Les menaces proférées ce week-end par M. Aoun contre Israël, dans un discours au diapason avec les terroristes du Hezbollah, n’emportent pas l’adhésion de plusieurs hommes politiques au Liban, qui ne goûtent guère de se retrouver au centre du conflit entre l’Iran et Israël.

Interrogé par L’Orient-Le Jour, le député de Tripoli Moustapha Allouche a estimé qu’« il est possible qu’Israël, encouragé par les États-Unis, opte pour le choix militaire, et c’est la pire chose qui pourrait nous arriver. Les dégâts seront énormes et, vu la crise actuelle et les conflits dans la région, je ne pense pas que quiconque pourra nous aider à reconstruire le pays.
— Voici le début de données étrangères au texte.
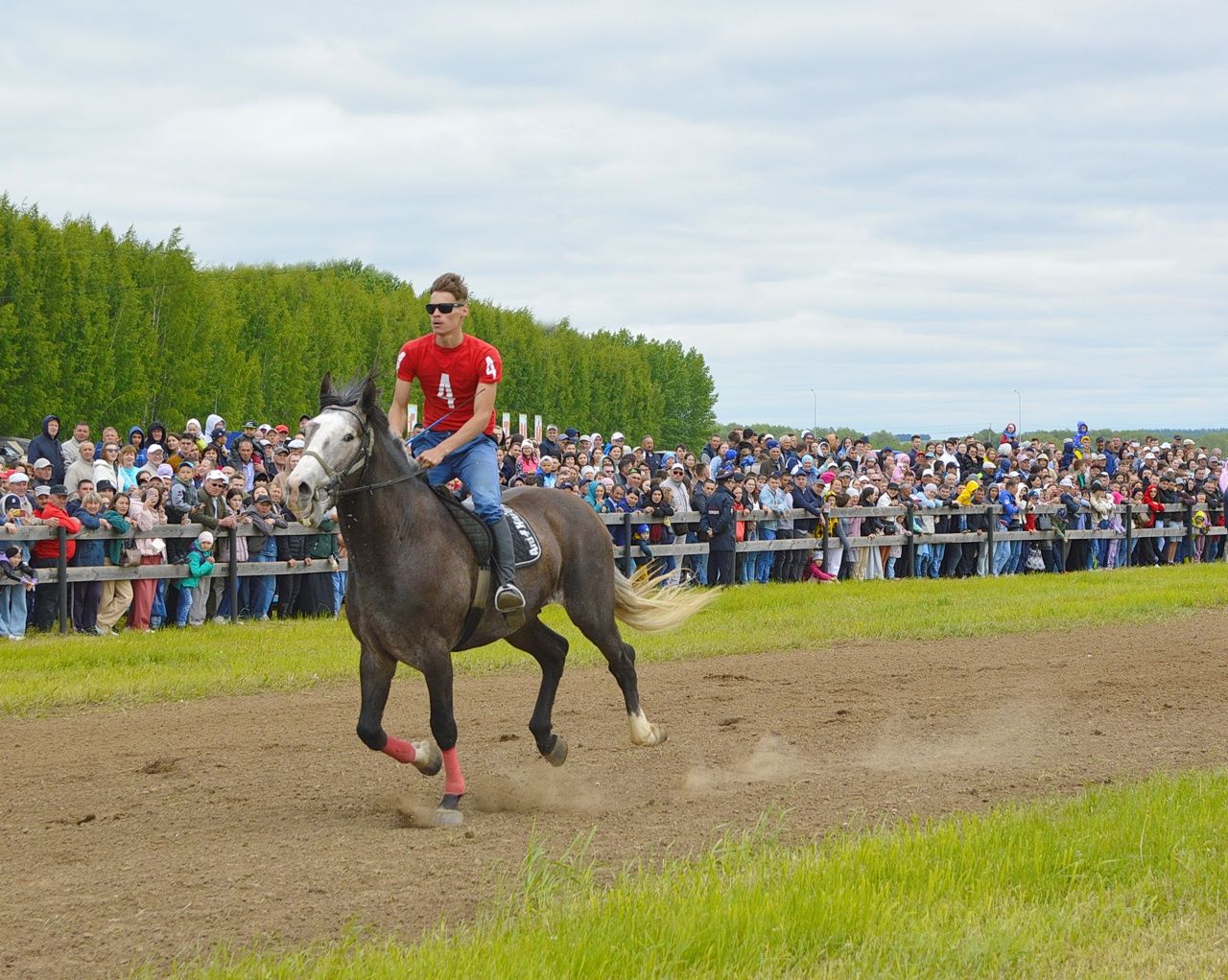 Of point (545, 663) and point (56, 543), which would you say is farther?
point (56, 543)

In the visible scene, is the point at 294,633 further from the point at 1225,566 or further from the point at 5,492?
the point at 1225,566

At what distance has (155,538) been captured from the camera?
15.5 m

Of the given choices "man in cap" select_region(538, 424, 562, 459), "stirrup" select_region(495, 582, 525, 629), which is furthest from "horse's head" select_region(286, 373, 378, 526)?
"man in cap" select_region(538, 424, 562, 459)

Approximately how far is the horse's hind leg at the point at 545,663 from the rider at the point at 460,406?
773 mm

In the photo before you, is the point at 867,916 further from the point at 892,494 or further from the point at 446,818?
the point at 892,494

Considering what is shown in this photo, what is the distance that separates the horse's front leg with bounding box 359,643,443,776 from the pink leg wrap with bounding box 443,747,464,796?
243 mm

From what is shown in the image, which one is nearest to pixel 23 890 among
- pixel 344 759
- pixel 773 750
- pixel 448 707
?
pixel 448 707

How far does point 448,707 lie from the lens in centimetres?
792

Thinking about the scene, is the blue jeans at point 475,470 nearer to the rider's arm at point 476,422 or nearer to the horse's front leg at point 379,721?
the rider's arm at point 476,422

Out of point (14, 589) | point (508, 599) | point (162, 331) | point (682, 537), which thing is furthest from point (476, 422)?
point (162, 331)

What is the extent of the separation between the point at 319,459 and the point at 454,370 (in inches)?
58.1

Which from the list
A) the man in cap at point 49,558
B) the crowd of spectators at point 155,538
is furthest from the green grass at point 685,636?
the crowd of spectators at point 155,538

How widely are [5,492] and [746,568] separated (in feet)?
34.4

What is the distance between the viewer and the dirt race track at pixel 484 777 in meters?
5.82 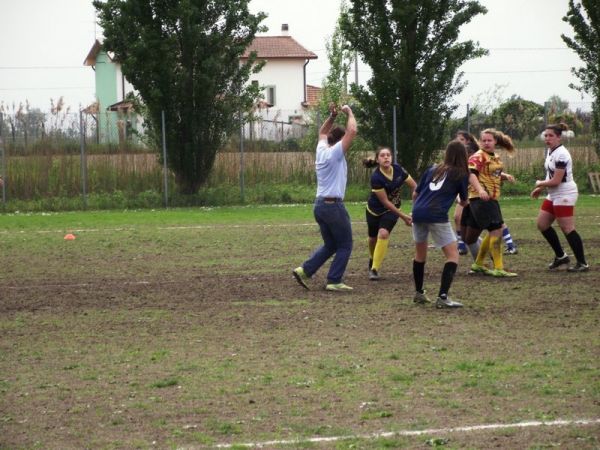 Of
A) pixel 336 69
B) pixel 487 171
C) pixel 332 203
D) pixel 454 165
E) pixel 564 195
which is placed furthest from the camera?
pixel 336 69

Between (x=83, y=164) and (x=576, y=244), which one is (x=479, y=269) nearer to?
(x=576, y=244)

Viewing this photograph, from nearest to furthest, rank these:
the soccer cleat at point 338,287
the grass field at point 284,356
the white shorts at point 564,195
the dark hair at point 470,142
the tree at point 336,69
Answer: the grass field at point 284,356
the soccer cleat at point 338,287
the white shorts at point 564,195
the dark hair at point 470,142
the tree at point 336,69

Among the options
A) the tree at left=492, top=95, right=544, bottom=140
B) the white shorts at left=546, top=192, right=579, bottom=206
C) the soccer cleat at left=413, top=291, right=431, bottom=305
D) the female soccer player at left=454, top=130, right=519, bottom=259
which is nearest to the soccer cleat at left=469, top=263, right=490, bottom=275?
the female soccer player at left=454, top=130, right=519, bottom=259

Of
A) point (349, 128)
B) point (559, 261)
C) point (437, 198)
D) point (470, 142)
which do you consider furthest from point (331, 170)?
point (559, 261)

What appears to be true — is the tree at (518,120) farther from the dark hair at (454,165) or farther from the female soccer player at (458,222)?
the dark hair at (454,165)

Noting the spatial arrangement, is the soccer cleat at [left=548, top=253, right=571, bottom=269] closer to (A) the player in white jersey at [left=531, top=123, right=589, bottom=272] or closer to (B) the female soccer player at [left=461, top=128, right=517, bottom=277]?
(A) the player in white jersey at [left=531, top=123, right=589, bottom=272]

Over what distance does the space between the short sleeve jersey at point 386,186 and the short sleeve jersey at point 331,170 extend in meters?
1.34

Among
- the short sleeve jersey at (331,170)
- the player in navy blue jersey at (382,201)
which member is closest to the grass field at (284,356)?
the player in navy blue jersey at (382,201)

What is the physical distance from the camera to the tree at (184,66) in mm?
30969

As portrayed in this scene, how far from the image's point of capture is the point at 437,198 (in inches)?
454

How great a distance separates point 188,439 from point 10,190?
24913mm

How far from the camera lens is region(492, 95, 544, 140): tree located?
1361 inches

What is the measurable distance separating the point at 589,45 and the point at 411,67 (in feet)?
17.7

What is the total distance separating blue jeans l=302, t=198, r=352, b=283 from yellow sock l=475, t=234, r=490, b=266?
2.02 metres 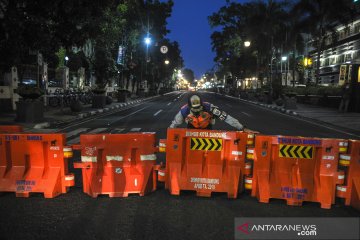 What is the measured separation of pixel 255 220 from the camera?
16.8 feet

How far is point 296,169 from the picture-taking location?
6105mm

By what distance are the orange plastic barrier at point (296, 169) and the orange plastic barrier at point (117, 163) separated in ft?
5.72

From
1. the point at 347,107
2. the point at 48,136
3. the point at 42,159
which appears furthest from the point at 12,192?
the point at 347,107

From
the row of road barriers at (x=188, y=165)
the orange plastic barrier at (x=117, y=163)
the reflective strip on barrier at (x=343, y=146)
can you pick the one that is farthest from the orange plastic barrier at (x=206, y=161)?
the reflective strip on barrier at (x=343, y=146)

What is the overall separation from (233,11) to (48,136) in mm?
60808

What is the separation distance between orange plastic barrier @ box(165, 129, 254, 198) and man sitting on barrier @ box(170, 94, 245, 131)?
0.67 meters

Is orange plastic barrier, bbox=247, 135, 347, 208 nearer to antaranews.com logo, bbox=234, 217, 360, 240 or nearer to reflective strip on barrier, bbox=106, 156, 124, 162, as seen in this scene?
antaranews.com logo, bbox=234, 217, 360, 240

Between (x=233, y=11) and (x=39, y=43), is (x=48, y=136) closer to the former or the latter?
(x=39, y=43)

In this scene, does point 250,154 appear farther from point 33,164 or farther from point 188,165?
point 33,164

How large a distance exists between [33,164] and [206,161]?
2.84m

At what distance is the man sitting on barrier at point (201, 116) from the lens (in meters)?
6.87

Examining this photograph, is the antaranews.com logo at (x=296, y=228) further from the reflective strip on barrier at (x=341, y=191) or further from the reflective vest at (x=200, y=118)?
the reflective vest at (x=200, y=118)

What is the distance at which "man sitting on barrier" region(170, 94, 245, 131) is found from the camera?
687 cm

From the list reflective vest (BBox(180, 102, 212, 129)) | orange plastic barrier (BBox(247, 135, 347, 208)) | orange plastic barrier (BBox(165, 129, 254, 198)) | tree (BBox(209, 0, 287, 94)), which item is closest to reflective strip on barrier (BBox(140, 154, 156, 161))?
orange plastic barrier (BBox(165, 129, 254, 198)) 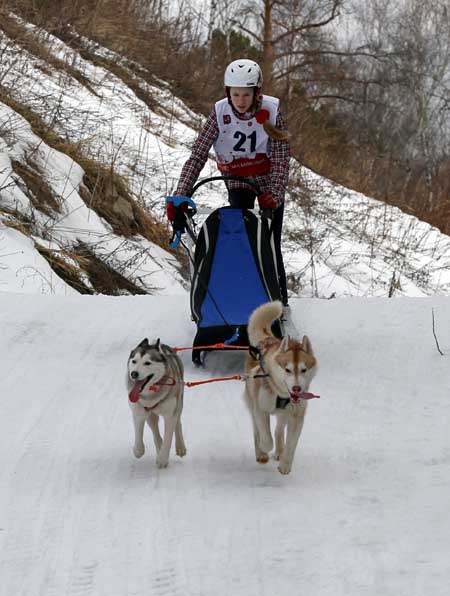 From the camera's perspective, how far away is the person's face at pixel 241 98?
5.56m

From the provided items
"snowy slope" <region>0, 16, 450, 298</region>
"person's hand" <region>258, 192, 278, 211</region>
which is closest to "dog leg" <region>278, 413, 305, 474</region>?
"person's hand" <region>258, 192, 278, 211</region>

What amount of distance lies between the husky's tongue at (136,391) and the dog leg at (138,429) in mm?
108

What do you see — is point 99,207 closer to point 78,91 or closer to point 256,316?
point 78,91

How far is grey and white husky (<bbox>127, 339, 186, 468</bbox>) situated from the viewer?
12.3ft

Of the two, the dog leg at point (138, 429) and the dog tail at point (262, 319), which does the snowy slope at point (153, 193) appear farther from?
the dog leg at point (138, 429)

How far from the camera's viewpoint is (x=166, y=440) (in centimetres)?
388

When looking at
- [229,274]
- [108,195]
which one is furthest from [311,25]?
[229,274]

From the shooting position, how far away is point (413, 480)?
380 centimetres

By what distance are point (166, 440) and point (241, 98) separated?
2503 millimetres

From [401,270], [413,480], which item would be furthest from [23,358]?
[401,270]

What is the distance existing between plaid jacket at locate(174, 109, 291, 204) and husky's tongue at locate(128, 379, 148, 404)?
2305mm

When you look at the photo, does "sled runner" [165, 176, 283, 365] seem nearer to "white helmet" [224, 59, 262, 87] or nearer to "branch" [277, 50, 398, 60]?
"white helmet" [224, 59, 262, 87]

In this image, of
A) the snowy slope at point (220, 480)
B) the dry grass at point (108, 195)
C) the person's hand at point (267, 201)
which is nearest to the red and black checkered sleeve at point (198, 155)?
the person's hand at point (267, 201)

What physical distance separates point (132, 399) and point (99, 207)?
6518mm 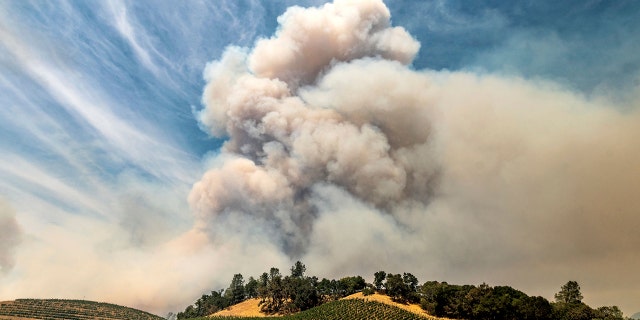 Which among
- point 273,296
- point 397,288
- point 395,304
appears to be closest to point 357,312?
point 395,304

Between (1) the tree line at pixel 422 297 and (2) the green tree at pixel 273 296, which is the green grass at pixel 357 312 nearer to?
(1) the tree line at pixel 422 297

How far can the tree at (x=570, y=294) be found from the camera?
92.6 m

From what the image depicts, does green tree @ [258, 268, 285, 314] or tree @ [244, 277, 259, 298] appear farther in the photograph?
tree @ [244, 277, 259, 298]

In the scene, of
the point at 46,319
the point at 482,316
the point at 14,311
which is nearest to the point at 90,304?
the point at 14,311

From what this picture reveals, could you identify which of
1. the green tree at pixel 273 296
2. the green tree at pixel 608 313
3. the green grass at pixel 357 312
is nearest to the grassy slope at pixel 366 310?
the green grass at pixel 357 312

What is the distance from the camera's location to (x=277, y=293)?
101 metres

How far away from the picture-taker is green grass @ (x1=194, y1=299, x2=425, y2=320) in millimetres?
75000

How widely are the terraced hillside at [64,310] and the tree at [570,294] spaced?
136954 mm

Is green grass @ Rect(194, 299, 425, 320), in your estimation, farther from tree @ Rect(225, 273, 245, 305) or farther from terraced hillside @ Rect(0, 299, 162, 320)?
terraced hillside @ Rect(0, 299, 162, 320)

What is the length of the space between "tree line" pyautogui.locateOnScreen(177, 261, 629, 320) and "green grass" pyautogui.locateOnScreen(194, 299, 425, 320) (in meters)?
9.48

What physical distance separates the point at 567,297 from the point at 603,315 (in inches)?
480

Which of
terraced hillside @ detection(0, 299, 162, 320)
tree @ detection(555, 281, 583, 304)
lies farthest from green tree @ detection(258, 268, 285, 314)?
tree @ detection(555, 281, 583, 304)

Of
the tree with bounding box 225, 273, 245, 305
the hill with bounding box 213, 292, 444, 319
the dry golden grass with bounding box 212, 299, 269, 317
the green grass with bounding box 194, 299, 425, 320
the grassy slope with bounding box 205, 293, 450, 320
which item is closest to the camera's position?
the green grass with bounding box 194, 299, 425, 320

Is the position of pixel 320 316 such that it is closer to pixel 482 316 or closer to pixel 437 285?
pixel 437 285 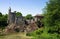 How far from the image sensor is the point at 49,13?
107ft

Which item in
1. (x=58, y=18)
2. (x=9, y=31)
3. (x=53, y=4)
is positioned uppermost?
(x=53, y=4)

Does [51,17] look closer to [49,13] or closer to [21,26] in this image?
[49,13]

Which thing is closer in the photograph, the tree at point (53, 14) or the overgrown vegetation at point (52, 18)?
the overgrown vegetation at point (52, 18)

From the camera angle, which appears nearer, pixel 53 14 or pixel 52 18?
pixel 53 14

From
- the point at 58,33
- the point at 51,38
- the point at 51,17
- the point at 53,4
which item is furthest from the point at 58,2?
the point at 51,38

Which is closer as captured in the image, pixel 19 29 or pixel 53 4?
pixel 53 4

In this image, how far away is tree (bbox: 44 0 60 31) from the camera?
3153 centimetres

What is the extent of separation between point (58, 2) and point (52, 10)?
1808mm

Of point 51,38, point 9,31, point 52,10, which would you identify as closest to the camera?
point 51,38

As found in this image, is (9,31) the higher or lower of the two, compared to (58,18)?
lower

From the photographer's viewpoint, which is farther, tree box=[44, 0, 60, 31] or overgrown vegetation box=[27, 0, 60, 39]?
tree box=[44, 0, 60, 31]

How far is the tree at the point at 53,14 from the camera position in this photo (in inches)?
1241

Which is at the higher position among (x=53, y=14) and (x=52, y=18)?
(x=53, y=14)

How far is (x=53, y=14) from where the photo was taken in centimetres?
3238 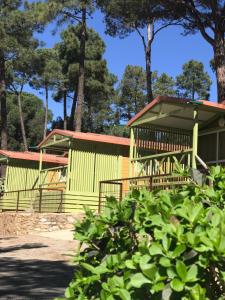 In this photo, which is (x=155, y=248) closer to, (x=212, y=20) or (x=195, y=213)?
(x=195, y=213)

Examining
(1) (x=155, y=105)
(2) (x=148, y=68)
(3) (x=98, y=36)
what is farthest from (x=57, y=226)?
(3) (x=98, y=36)

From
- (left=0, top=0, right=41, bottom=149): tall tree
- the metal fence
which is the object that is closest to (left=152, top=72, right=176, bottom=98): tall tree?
(left=0, top=0, right=41, bottom=149): tall tree

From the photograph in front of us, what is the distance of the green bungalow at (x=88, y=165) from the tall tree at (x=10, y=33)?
12904mm

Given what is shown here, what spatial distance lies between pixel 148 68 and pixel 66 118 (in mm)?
21901

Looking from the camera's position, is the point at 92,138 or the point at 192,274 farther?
the point at 92,138

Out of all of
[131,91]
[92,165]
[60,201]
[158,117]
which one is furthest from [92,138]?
[131,91]

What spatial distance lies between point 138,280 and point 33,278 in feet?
19.5

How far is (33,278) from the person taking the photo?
793 centimetres

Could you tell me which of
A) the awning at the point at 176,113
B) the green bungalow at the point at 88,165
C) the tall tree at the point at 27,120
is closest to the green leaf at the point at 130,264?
the awning at the point at 176,113

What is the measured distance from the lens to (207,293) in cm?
226

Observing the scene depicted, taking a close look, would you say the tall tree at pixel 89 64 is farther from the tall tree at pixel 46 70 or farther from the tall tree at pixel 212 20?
the tall tree at pixel 212 20

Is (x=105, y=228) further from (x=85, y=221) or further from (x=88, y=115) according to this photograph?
(x=88, y=115)

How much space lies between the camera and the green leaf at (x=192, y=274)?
2.17 metres

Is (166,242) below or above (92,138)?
below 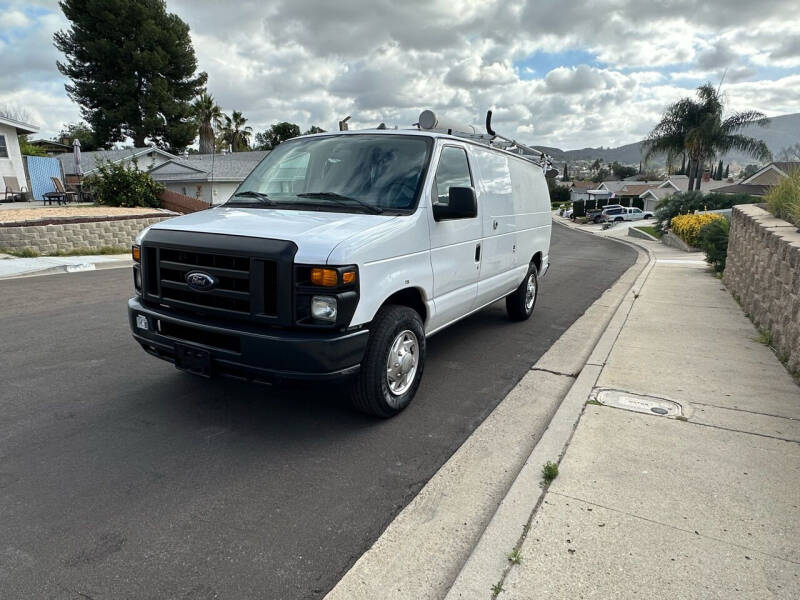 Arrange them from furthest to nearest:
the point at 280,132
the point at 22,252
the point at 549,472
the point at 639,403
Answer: the point at 280,132
the point at 22,252
the point at 639,403
the point at 549,472

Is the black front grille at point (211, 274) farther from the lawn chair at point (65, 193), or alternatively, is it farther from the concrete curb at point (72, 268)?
the lawn chair at point (65, 193)

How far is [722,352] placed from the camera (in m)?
5.66

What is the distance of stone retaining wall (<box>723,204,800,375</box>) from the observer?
5.05 meters

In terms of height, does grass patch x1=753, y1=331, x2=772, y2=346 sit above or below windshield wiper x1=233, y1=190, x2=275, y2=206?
below

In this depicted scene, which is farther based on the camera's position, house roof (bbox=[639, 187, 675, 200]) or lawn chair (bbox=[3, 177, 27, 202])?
house roof (bbox=[639, 187, 675, 200])

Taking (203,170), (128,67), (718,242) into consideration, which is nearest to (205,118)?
(128,67)

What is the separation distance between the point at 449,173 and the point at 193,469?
3094 millimetres

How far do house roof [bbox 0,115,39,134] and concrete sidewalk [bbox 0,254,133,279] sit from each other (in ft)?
65.1

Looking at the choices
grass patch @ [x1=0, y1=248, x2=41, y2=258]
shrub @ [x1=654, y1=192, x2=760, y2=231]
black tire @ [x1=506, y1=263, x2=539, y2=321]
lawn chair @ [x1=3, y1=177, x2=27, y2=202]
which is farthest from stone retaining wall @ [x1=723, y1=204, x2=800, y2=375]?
lawn chair @ [x1=3, y1=177, x2=27, y2=202]

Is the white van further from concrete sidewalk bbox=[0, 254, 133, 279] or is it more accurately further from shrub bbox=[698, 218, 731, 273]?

Ce sera un vrai désastre ». « Ce qui est sûr, c’est que durant les deux ou trois dernières années, Israël a travaillé à couper les lignes d’approvisionnement du Hezbollah, notamment en Syrie. Si l’État hébreu se décide à intervenir militairement, sa frappe sera stratégique », a-t-il ajouté.

Le ministre de la Santé, Ghassan Hasbani, a pour sa part appelé à calmer le jeu. « Il n’y a pas de stratégie pour détruire le Liban et personne ne veut précipiter le pays dans des conflits sanglants. Les conflits en Orient pourraient ne pas s’arrêter et le Liban ne peut changer le cours des choses dans la région ou dans le monde. Voilà pourquoi nous devons nous éloigner de ce qui nous affaiblit ou nous divise », a-t-il dit.

« Les propos de Nasrallah sur l’Arabie saoudite ont ébranlé la confiance que le président Aoun a tissée avec l’Arabie. Ces paroles nous ont fait faire un pas en arrière », a déploré le député Imad el-Hout, cité par l’agence al-Markaziya. Même son de cloche chez le député Hadi Hobeiche, qui s’est demandé samedi si les derniers propos de Nasrallah pourront servir le président de la République.

Le mufti du Mont-Liban, Mohammad Ali Jouzou, a pour sa part affirmé dimanche n’avoir jamais entendu Hassan Nasrallah « dire du bien de l’Arabie saoudite, malgré le fait que c’est elle, ainsi que le Qatar, qui se sont tenus auprès du Liban après la guerre israélienne de juillet 2006 ».